Amendment 1 would allow secret government union contracts
The Illinois Freedom of Information Act requires open access to government union contracts. But Amendment 1 would allow union leaders to override state law to make those contracts secret.
The same groups who tried to raise taxes on the middle class and retirees just two years ago through a progressive income tax amendment have a new strategy to amend the Illinois Constitution to guarantee higher taxes.
This time, those taxes will be a secret.
Inaccurately framed as a “workers’ rights amendment,” Amendment 1 is actually a radical change on the Nov. 8 ballot that would grant government union leaders power that exists in no other state. If voters agree, the amendment would give union bosses the power to negotiate costly agreements taxpayers never get to see.

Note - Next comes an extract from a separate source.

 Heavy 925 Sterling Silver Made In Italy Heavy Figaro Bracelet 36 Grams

That’s because Amendment 1 would let union bosses override more than 350 laws simply by countering them through collective bargaining agreements. That includes the ability to void the state’s Freedom of Information Act, which guarantees open access to state and local government records, with limited exceptions.

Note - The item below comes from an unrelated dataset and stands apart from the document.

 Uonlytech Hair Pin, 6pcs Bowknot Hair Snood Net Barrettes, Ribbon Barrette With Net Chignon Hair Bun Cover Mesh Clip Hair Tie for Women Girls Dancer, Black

The act specifically requires the final contract between a government unit and the union representing its employees be subject to inspection and copying. But government union leaders could override the act by demanding provisions in those contracts that prohibit public access.
That would make those contracts secret. Taxpayers would never see them, yet be forced to pay for them and whatever costs they contained.
That’s particularly concerning because research shows states that make larger promises to government unions have more debt per taxpayer.
Under Amendment 1, there is no limit on what government unions can demand, no limit on what state and local governments can give away through negotiations, and no requirement that governments be able to pay for new costs.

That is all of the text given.